Pop: Offensiv hedonistisch
Nichts klingt subtil an diesem Song, der Electro-Bass drückt wie blöd, der Beat verströmt einen Hauch von dumpfem Ibiza-Techno. Charli XCX singt mit gespannter Stimme davon, wie sie die guten Typen zwanghaft in die Wüste schickt, bevor sie in gereiztem Falsett den Refrain anzieht: Jetzt spürt man es, hier bitte lauter drehen! «Good Ones» von ihrem neuen Album «Crash» ist Leider-geil-Musik, am besten gleich im Auto hören. Wobei, es scheint dieser Frau auch gar nicht leidzutun.
Seit ihrem herausragenden Album «Pop 2» lotet Charli XCX eine Form von Popmusik aus, in der die Unterscheidung zwischen Avantgarde und Mainstream kollabiert. Manche suchen in ihren süffigen Songs daher nach subversiven Brüchen im Klang. Bei den Vorgängern «Charli» (2019) und «How I’m Feeling Now» (2020) lag das eher nahe, bei «Crash» wird es schon schwieriger. Nicht alles kommt hier so geradlinig daher wie «Good Ones», es überschreitet aber auch selten die Schmerzgrenze zur Massentauglichkeit. Doch was Charli XCX vorhat, ist sowieso ambitionierter, als subversiv in den Mainstream zu intervenieren – sie will selber prägen, was auf der Autobahn der Popmusik künftig laufen wird.

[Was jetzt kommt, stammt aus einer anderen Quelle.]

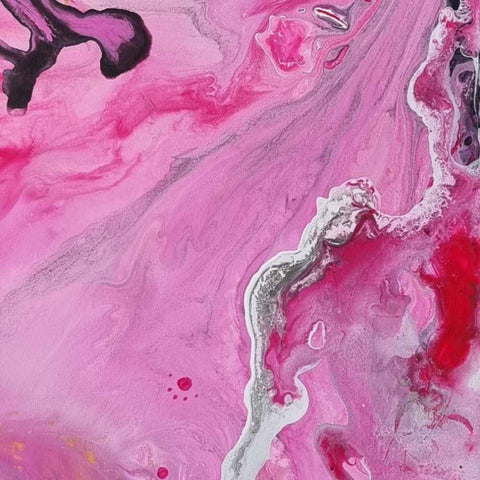 Amaranth - Mixed Media - Artezaar.com Online Art Gallery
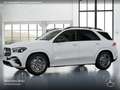 Mercedes-Benz GLE 450 d 4M AMG+NIGHT+360+AHK+MULTIBEAM+SPUR+TOTW Blanc - thumbnail 3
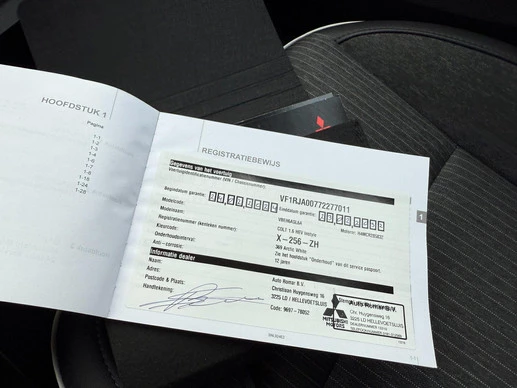 Mitsubishi Colt - Afbeelding 18 van 20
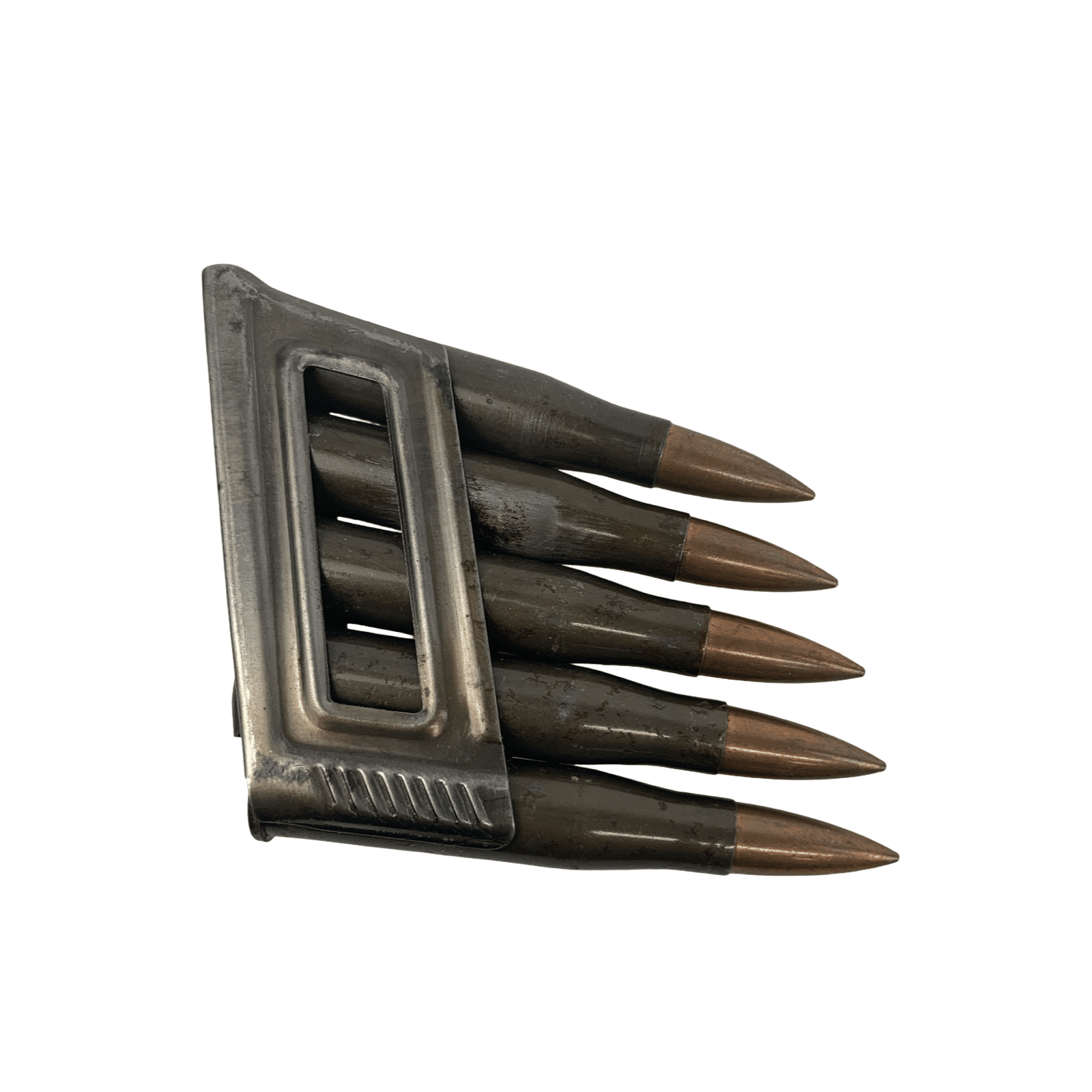WW2 Era 8x56mmR Budapest M95 Ammunition 8x56R Austrian Mannlicher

Trotzdem fühlt man sich auf dem neuen Album ständig an etwas erinnert: Eurodance, R ’n’ B und UK Garage aus den Neunzigern, Electro und Disco-Pop aus den Achtzigern. Doch diese scharf produzierten, offensiv hedonistischen Songs zielen nicht auf nostalgische Effekte, nicht einmal auf anregende Kollisionen. Überdreht sind die Sounds allemal: der hitzige Groove von «Baby», einem Song über «grossartigen Sex» (Charli XCX), die aufdringlichen Synthesizer und Samples (Orchestra Hits!) in «Lightning», das überhallige Schlagzeug und die barocken Ornamente in «Crash». Zu den schönsten Momenten tragen wieder grossartige Begleiterinnen bei, Christine and the Queens und Caroline Polachek in «New Shapes», Rina Sawayama in «Beg for You». Viel Spass!